To everyone’s great shock and surprise, a number of FIFA officials have been arrested on corruption charges at the behest of US law enforcement agencies.
Whatever the outcome of these investigations, it is no secret that FIFA is beset by corruption, which most blatantly manifested itself in the decision to hand the 2022 World Cup to Qatar. (I think that the decision-making process and the poor safety conditions for workers building the stadiums are enough justification for boycotting the tournament, let alone the country’s appalling apostasy laws.)
But the interesting wider question is why international organisations inevitably become corrupt. Paul Collier’s book Exodus looks at how game theory applies in different societies and suggests that international institutions tend to become corrupt because of the influence of a corrupt political culture.

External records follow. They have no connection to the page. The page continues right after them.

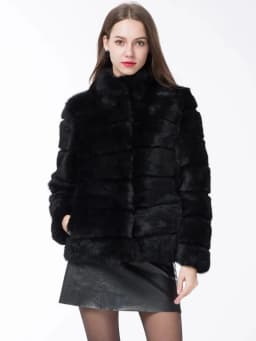 QUEENTINA  Rabbit Fur Coat Collar Whole Full Pelt Fashion Luxury Waistcoat Natural Imitation Coats New Women's Winter Jacket
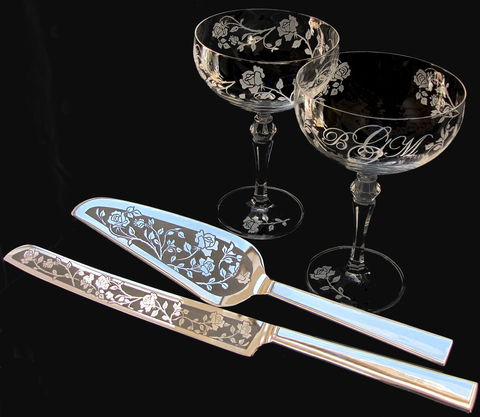 Vintage,style,Champagne,Goblets,,Wedding,Cake,Server,Set,,Rose,Themed,Wedding,,Personalized,Brad Goodell, bradgoodell, Rose themed wedding, personalized, Rose Garden, Great Gatsby wedding, roaring 20s wedding, vintage style, wedding, cake server and knife set, champagne glasses, crystal champage flutes, wedding toasting flutes, engraved crystal 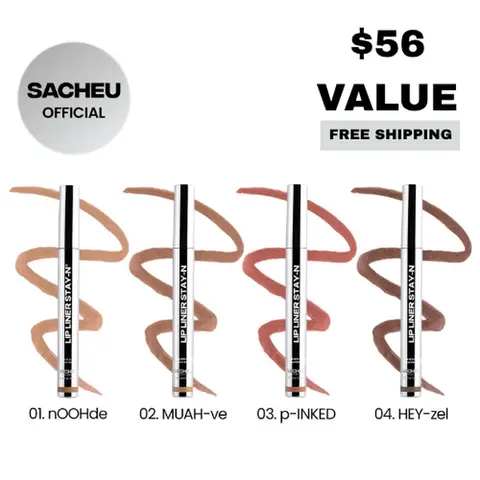 sacheu Lip Icons Trio & Quads - Save up to 25% on Iconic Peel-Off Lip Liner STAY-N with Hyaluronic Acid & Vitamin E Long-Wear Lipliner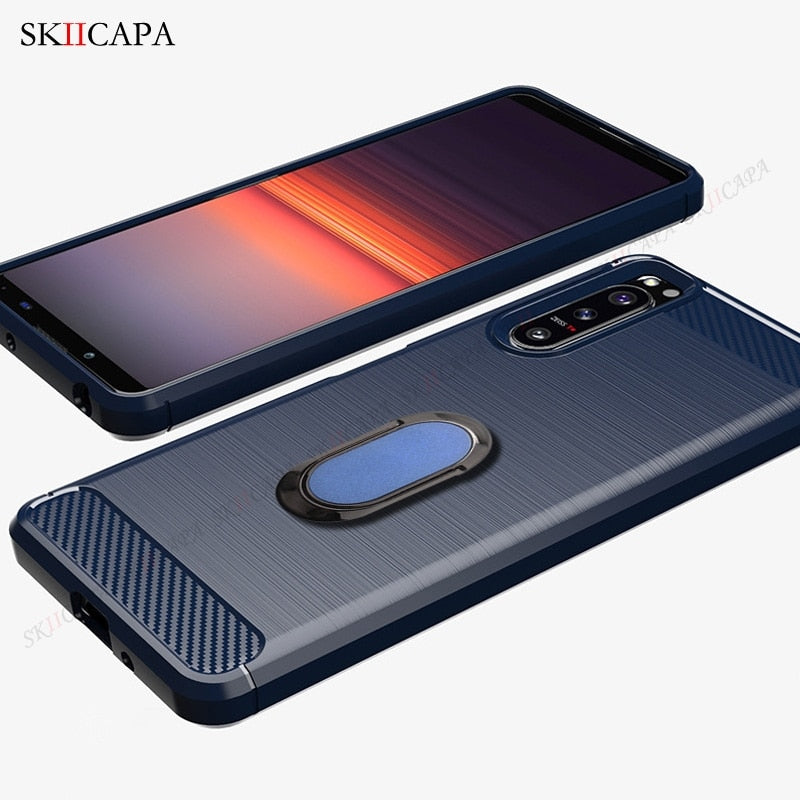 Deksel til Sony Xperia 10 1 5 III II Ace 2 XZ3 XZ2 XZ1 XA2 Holder Stand Shockproof Cover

Nigeria, for example, is so riddled with corruption because enough people are corrupt (and it doesn’t have to be that many) that it makes no sense to be an honest person. For societies to avert this situation, free-riders need to be punished by other individuals acting with the support of the rest of society. Almost as importantly, those punishers must not be punished in turn, as happens in clannish cultures where people care more about their own family than the well-being of the wider society.
Collier used a study of diplomats in New York to show that, when a group of people from a more honest society and a group from a corrupt one join together, the honest begin behaving like the corrupt. After a while the Danish and Swedish diplomats, who had assiduously paid all their parking tickets, as one would back home, began ignoring them. After all, everyone else does.
This could be called Steyn’s Axiom, after Mark Steyn’s comments about ice cream, dog faeces and the UN. It fits perfectly into evolutionary game theory: why would you be honest if everyone around you is on the fiddle?
Another explanation for FIFA’s woes comes from the 14th-century Arab political thinker Ibn Khaldun, whose birthday it is today. Ibn Khaldun popularised the idea of asabiyyah, a pre-Islamic word that translates as group feeling, solidarity or social cohesion, to explain why some societies are so divided and lacking in what we might call civic virtue.
Asabiyyah also translates as “clannishness”, and in some parts of the world it is strongest within extended families, tribes or religious communities. In other areas of the globe the nation as a whole has a strong sense of group feeling, or asabiyyah.
The former societies tend towards corruption, because within the nation-state and its institutions there is little incentive to not steal, cheat or place one’s family members in positions of power, because there is no real group feeling towards the wider nation.
The latter societies have stronger civic institutions, although the downside is that they often feel less friendly and more atomised (northern European countries, which dominate the top places in Transparency International’s Corruption Index, are the most extreme examples).
International bodies such as FIFA, the UN and EU have little sense of asabiyyah because there is nothing that really bonds the delegates from various nations together. In fact, Ibn Khaldun pointed out, the only way to maintain asabiyyah in larger societies is through what is usually translated as “religious propaganda”. As Alexis de Tocqueville pointed out, it was religious feeling in America that created its great civil virtue.
Perhaps this explains why, at least compared to other international organisations, the Vatican is fairly honest. (We hope.)